Muito mais do que autonomia, a vida a bordo requer muita responsabilidade da criança. “Quando você tem contato constante com a natureza, como é no barco, dá um passo para fora de casa e está num meio que não é o nosso natural. O ideal é que você saiba nadar e isso é uma questão que automaticamente gera segurança. Dentro de um barco, a segurança é prioridade”, relata o arquiteto. “Não é um gramado que você pula da varanda e está na grama. Até esse processo se tornar parte do dia a dia, sem ter que pensar muito nele, ele tem que ser passado muitas vezes. É um cuidado incrível”.
Seja na autonomia ou na responsabilidade, uma criança criada a bordo leva uma vida muito diferente de uma criança que vive em terra. Segundo Thais, a questão da água, por exemplo, é crucial na criação de Tobias. “A criança capta a necessidade de economizar água. A consciência do consumo vem pela real necessidade e pela prática diária”, afirma a produtora. Em relação à autonomia, Hugo ressalta: “no barco, você gera uma conscientização e uma responsabilidade porque o todo depende de cada indivíduo. Não dá para uma pessoa tomar conta de todo mundo, é impossível. Em algum momento, você precisa tomar conta de si. De acordo com sua idade, lógico”
A cidade
O delivery de comida japonesa às 4h da manhã, a farmácia 24h ou a balada até altas horas da manhã. Essas são só algumas das coisas que serão lembradas se você perguntar para alguém o que mais sentiria falta da vida em uma grande metrópole. Para Thais e Hugo, isso não faz falta nenhuma. “Às vezes, tenho saudades, por exemplo, de comer uma geléia de pimenta. É impossível você descer o barco e ir comprar, do nada. Na cidade, não. Você desce, compra e pronto”, brinca. “Banco também. No Rio, eu encontrava todos os bancos, farmácias e supermercados em uma quadra. Aqui não é assim”.
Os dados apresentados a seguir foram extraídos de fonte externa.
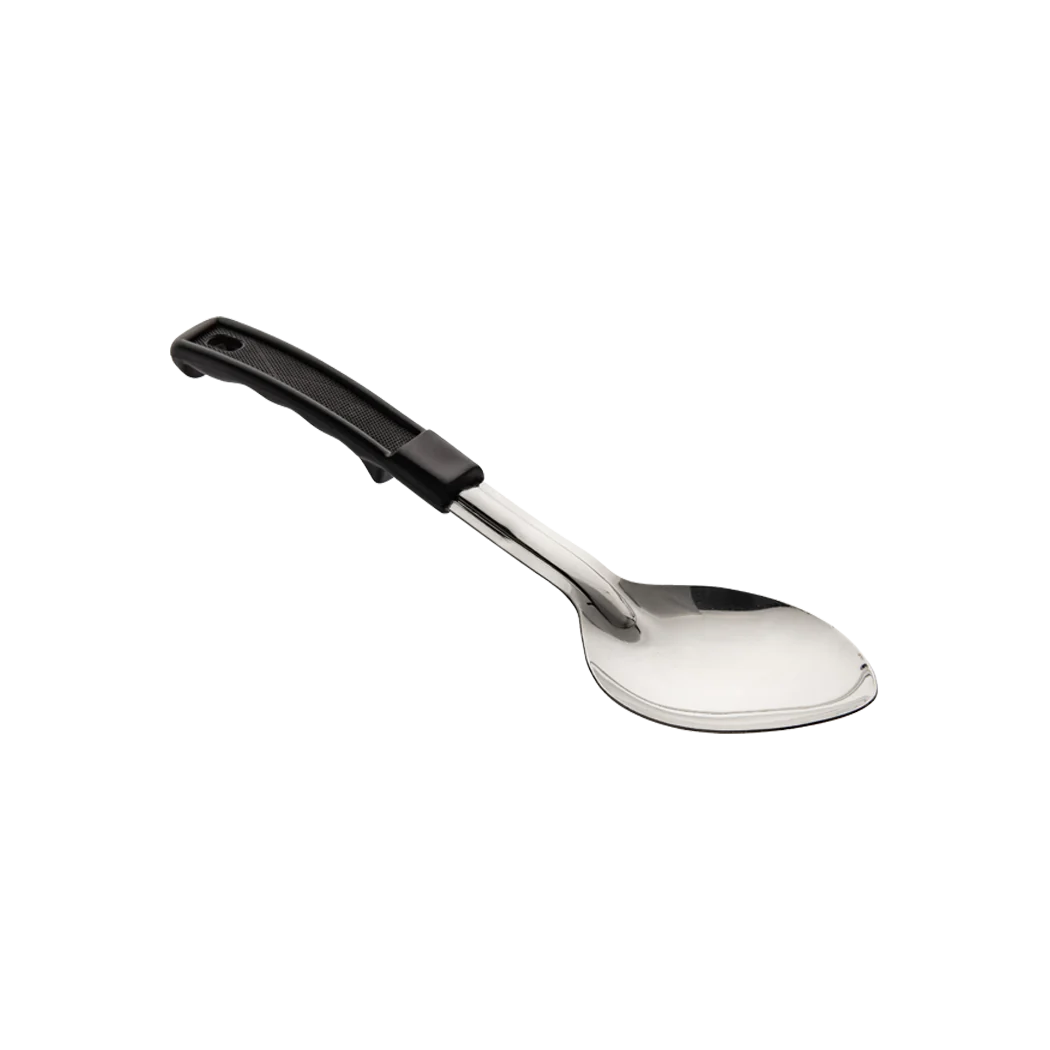 SPOON SOLID 13" WITH PLASTIC HANDLE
Para Hugo, o conforto também é uma questão. “O barco não foi construído para morar, então ele não tem o conforto de uma casa. Mas a escolha foi sua e isso está intrínseco à ela, então você tem arcar com as consequências dela”, conta. A comida, por sua vez, às vezes também é uma questão para o arquiteto: “O que sinto falta é a possibilidade de ter verduras frescas todos os dias. Quando você está ancorado, você tem que comer tudo o que você tem porque as coisas não duram tanto, não existe tanto espaço”. Mesmo assim, no fim, o saldo de morar a bordo é sempre positivo: “o que acontece é que a vida a bordo vai te mostrando que as coisas mais simples são o que realmente têm valor. Você tem que, obrigatoriamente, se desapegar de muitas coisas. Mas, na essência, coisas tão simples não têm preço e, numa cidade, é muito fácil você esquecer do valor da simplicidade”.
O conforto também é uma questão para Thais, que brinca com a situação: “ele foi super filosófico, mas eu sinto falta de outra coisa: um banho demorado. Aqui, o banho é para ficar limpo, não é aquele banho demorado, relaxante, com água escorrendo. Quando a gente tem oportunidade, a gente aproveita”. Já Tobias é mais simples: sente falta do parquinho e de brincar com a avó. O chuveiro da praia é suficiente para ele, que ressalta como é legal poder beber água do chuveiro – já que vem direto da mina. Em relação aos próximos planos, a família Biruta se difere: Hugo não quer ter planos, Thais pretende se movimentar mais e Tobias quer comprar uma bota.